» **MATERIAL PROVIDED**:
# # # # #

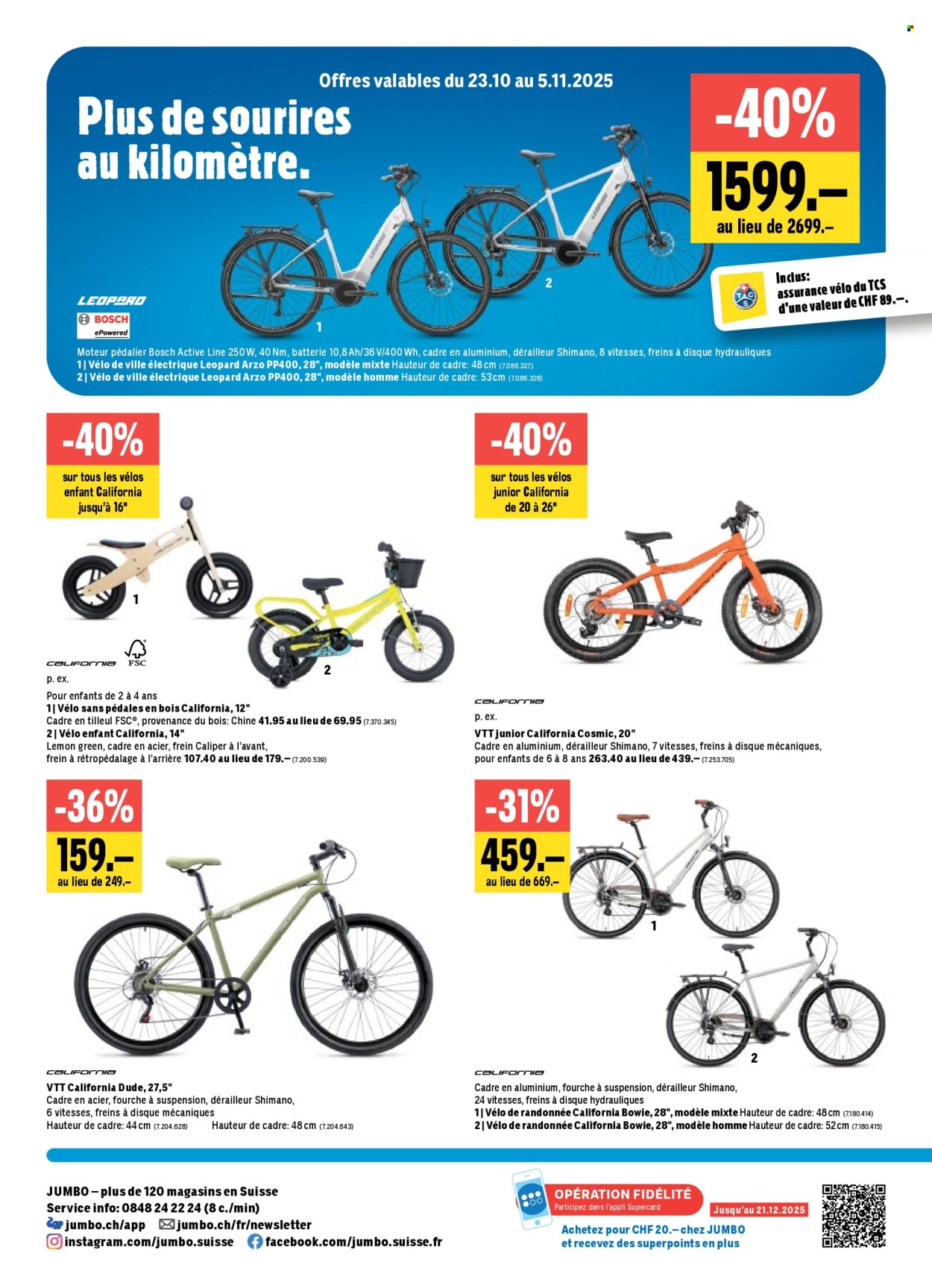 Catalogue Coop - 23.10.2025 - 29.10.2025. Page 82. Page 82
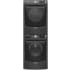 Maytag MAWADRGBK66302 - Stacked Washer with Paired Dryer in Black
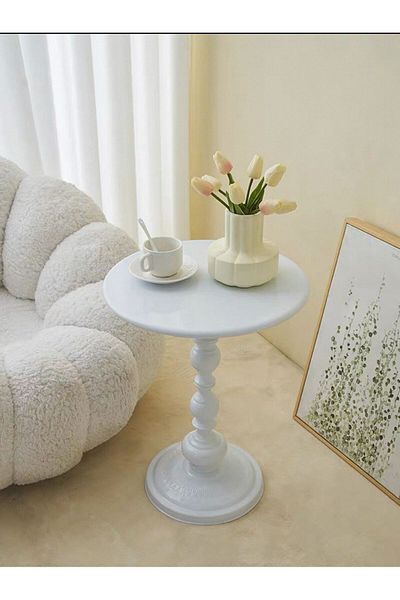 Alwan antiques and frames Service table height 53 cm width 40 cm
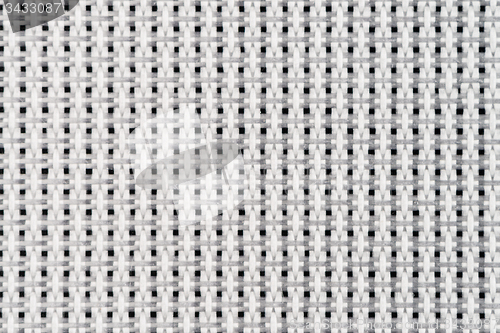 Image of White vinyl texture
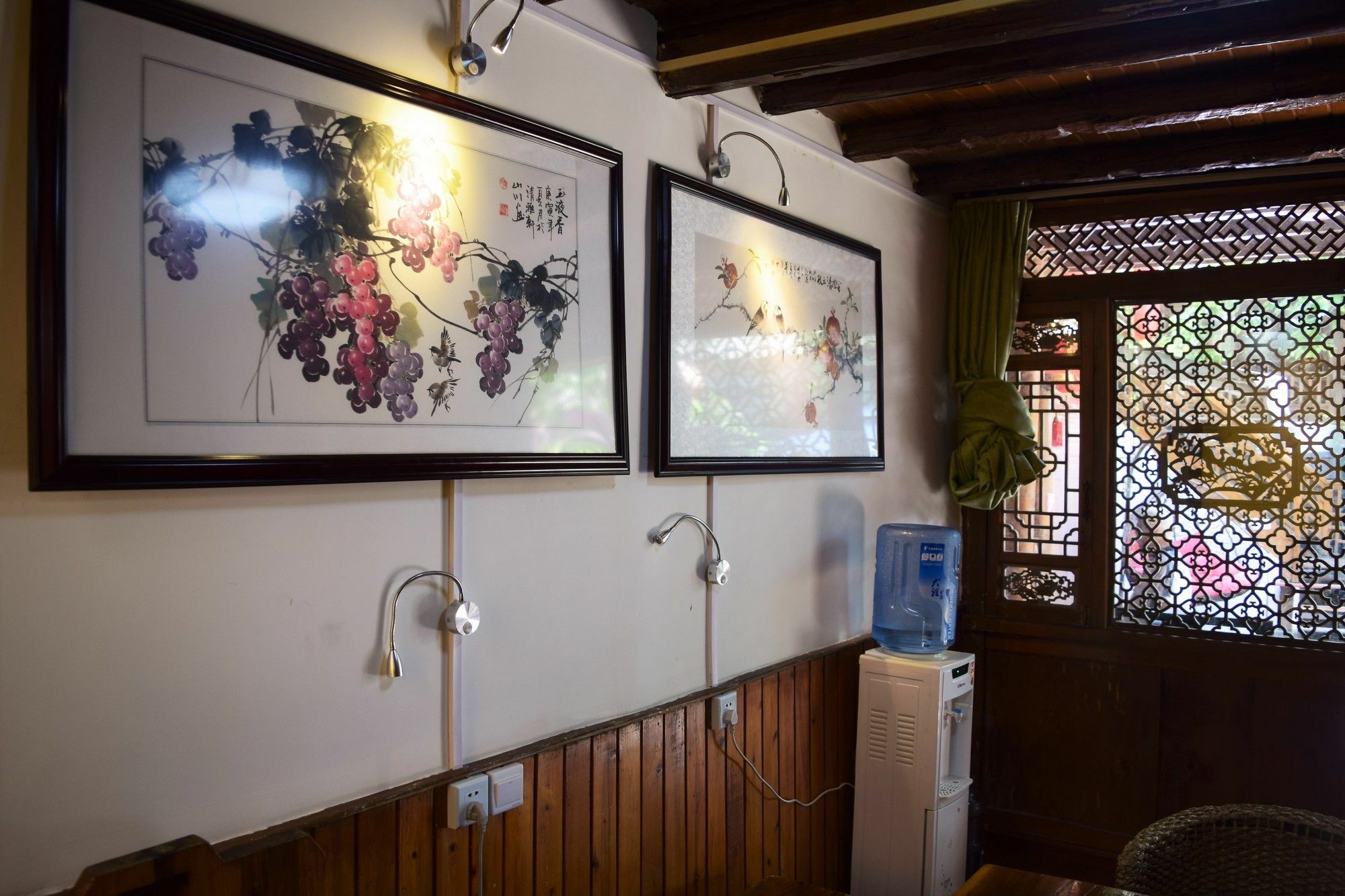Runtong International Youth Hostel Lijiang  Exterior photo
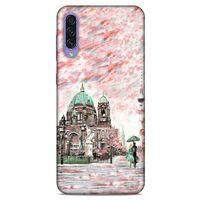 Samsung Galaxy A50s Kılıf Almanya (21) Koruyucu Kapak Kilise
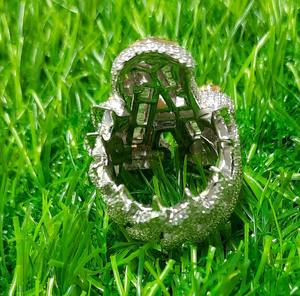 Anillo de Diamante de Laboratorio con Corte de Pera de 3.27 Quilates, Claridad VVS, Oro de 18K, Certificado IGI, para Bodas y Regalos, Directo de Fábrica, Simplicidad y Lujo - Product Image 2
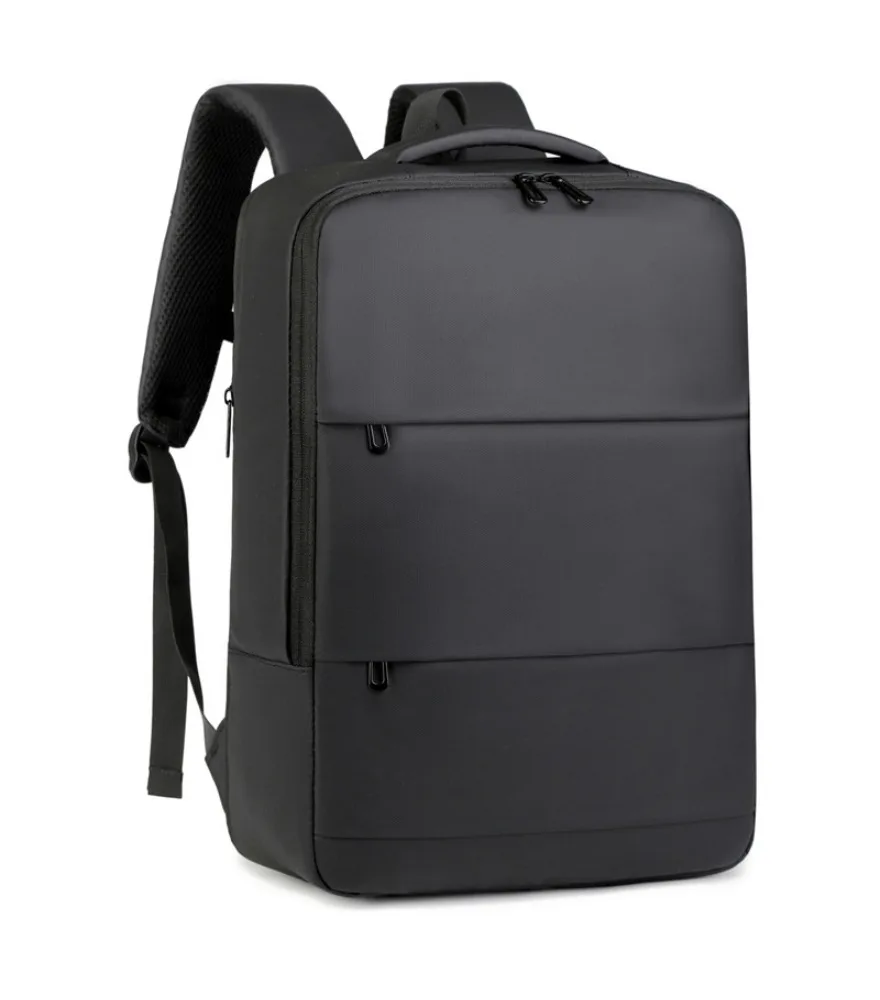 Lightweight and large-capacity business multi-function expandable college students' new female Korean travel backpack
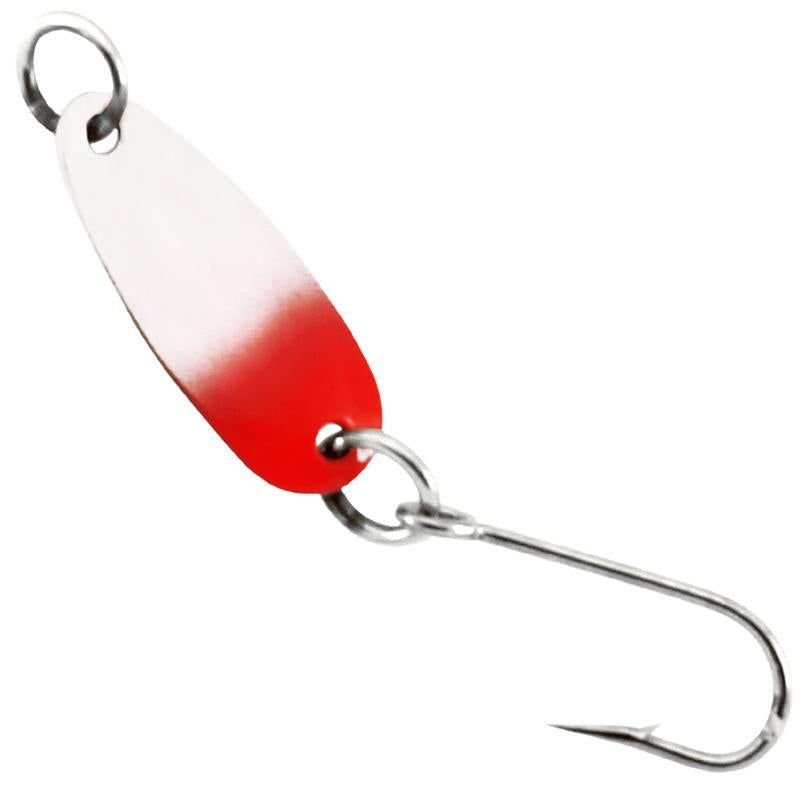 Gibbs Mini G Spoon, Size 1, White Red Head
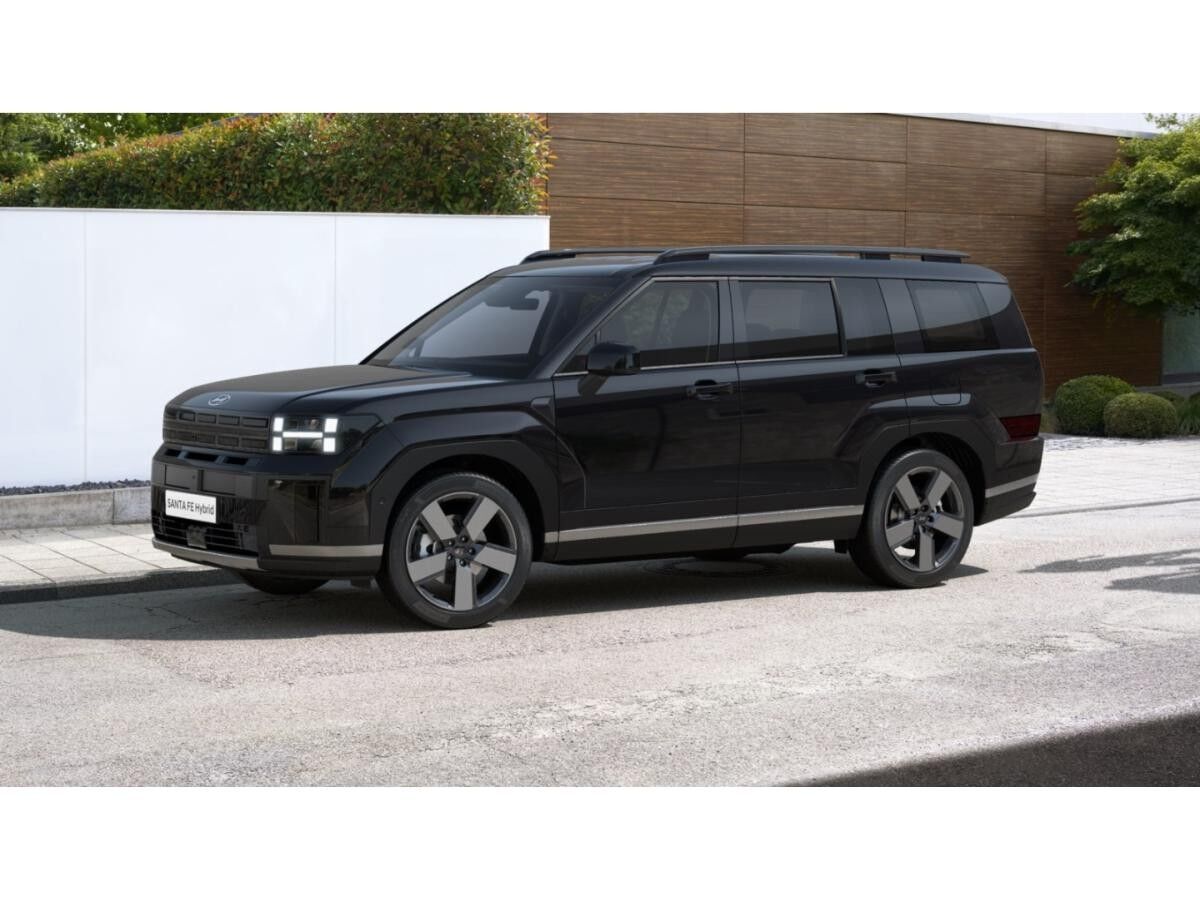 Hyundai SANTA FE INTRO 215PS Allrad 20 Zoll + 18 Zoll Winterräder (Sie sparen 2.900 €)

# # # # #

» **TASK**: Quote word for word only the lines above from the one containing "Maytag MAWADRGBK66302 - Stacked" through the one containing "Samsung Galaxy A50s". Pictures stay out of your copy.

» **SOLUTION FOR THIS TASK**:
 Maytag MAWADRGBK66302 - Stacked Washer with Paired Dryer in Black
 Alwan antiques and frames Service table height 53 cm width 40 cm
 Image of White vinyl texture
Runtong International Youth Hostel Lijiang  Exterior photo
 Samsung Galaxy A50s Kılıf Almanya (21) Koruyucu Kapak Kilise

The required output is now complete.